Immigrating From South Korea to The United States

Learn the various pathways of immigration to The United States, including family-sponsorship and employment.

Interested in Immigrating to the US from South Korea?

Since the Immigration Act of 1965, Korean immigration to the United States has grown rapidly, increasing from 39,000 in 1970 to 290,000 in 1980, and finally to 1.1 million in 2010. Modern emigration from South Korea has brought to the US many educated and skilled individuals, making the Korean immigrant group one of the most successful in the US. Though immigration has slowed since 2010, the South Korean immigrant population in the United States is still the largest in the world, with a population of 1 million.

South Korean Community in the United States

As of 2015, 31% of Korean-American immigrants resided in California, 9% in New York, and 7% in New Jersey, making up almost half of the United States’ Korean migrant population. Many have also settled in Washington DC and Illinois. Korean immigrants have a much higher naturalization rate than that of the overall immigrant population, with a 61% naturalization rate versus 48%.

Immigration Process

The majority of Korean immigrants to the US receive their Green Card through employment or as immediate relatives of US citizens.
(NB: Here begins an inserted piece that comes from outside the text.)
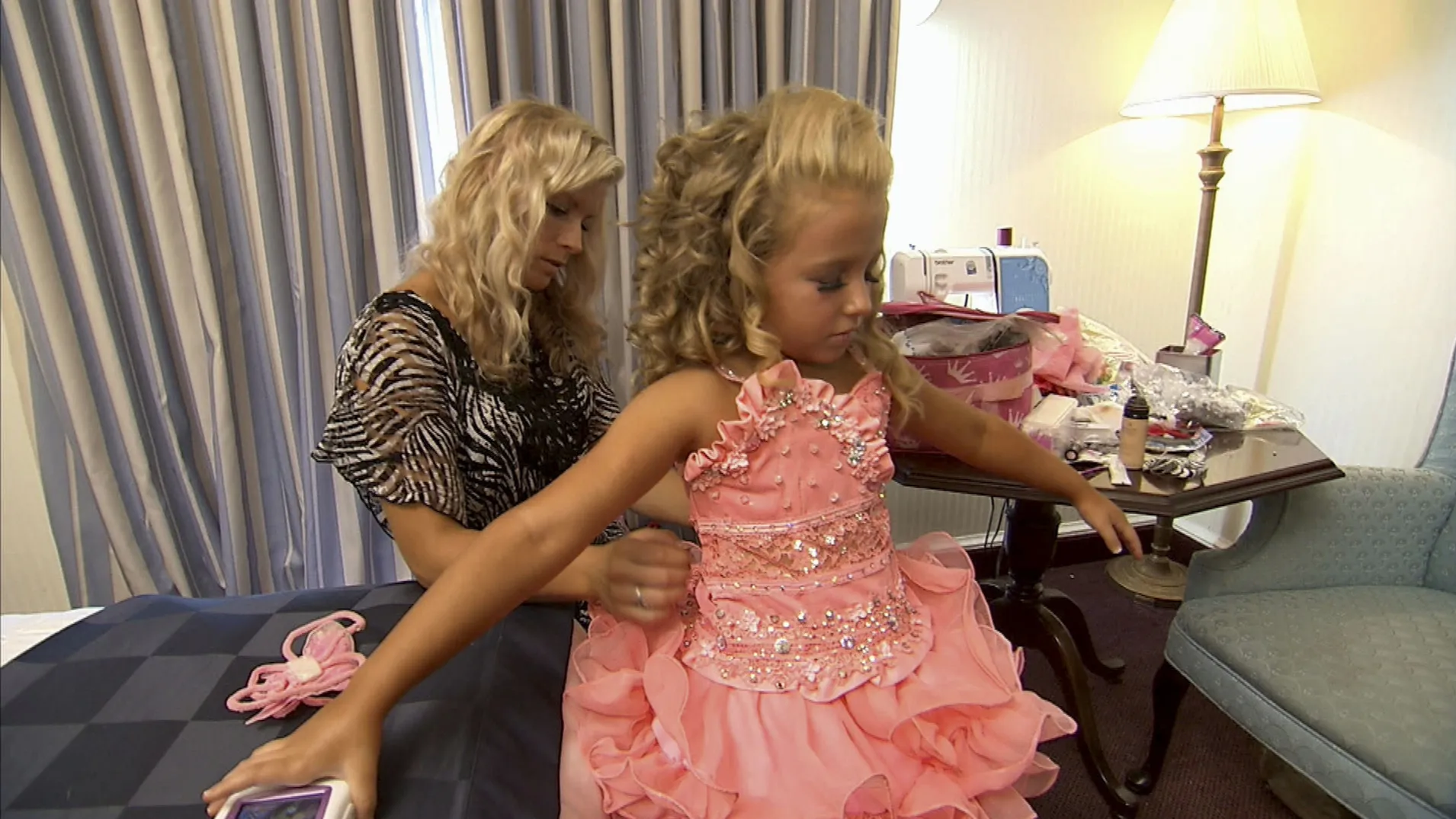 thumbnail - S8:E11 If I Were a Rich Girl Pageant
However, there are a variety of different ways to obtain lawful permanent residence (LPR) that include both employment-based and family-based preferences.

Working in the US

Employment is one of the major pathways to immigration, and is especially common among Korean immigrants. In 2015, for example, 56% of the 17,000 naturalized Korean immigrants to the US were sponsored by employers. The two main categories of work visas that an immigrant may apply for are immigrant and non-immigrant visas. Immigrant work visas include the EB-1 and EB-2, both which lead directly to the receipt of a Green Card soon after entry. Non-immigrant work visas are temporary and include the H-1B, L-1, O-1, and E-1. If an individual wishes to become a permanent resident of the US after entering with a non-immigrant work visa, they may be eligible to change their classification and apply for an immigrant work visa while in the States. Speaking to an immigration specialist is also helpful in determining eligibility, as well as which visa is right for each individual.

Family Sponsorship

The two main family-based visa categories are Immediate Relative and Family Preference. The visa most suitable for each individual immigrant will depend on their relationship to family members in the United States. Common among Korean immigrants is sponsorship by US citizens who are immediate relatives, as 38% of the 17,000 migrants who became LPRs in 2015 entered as such.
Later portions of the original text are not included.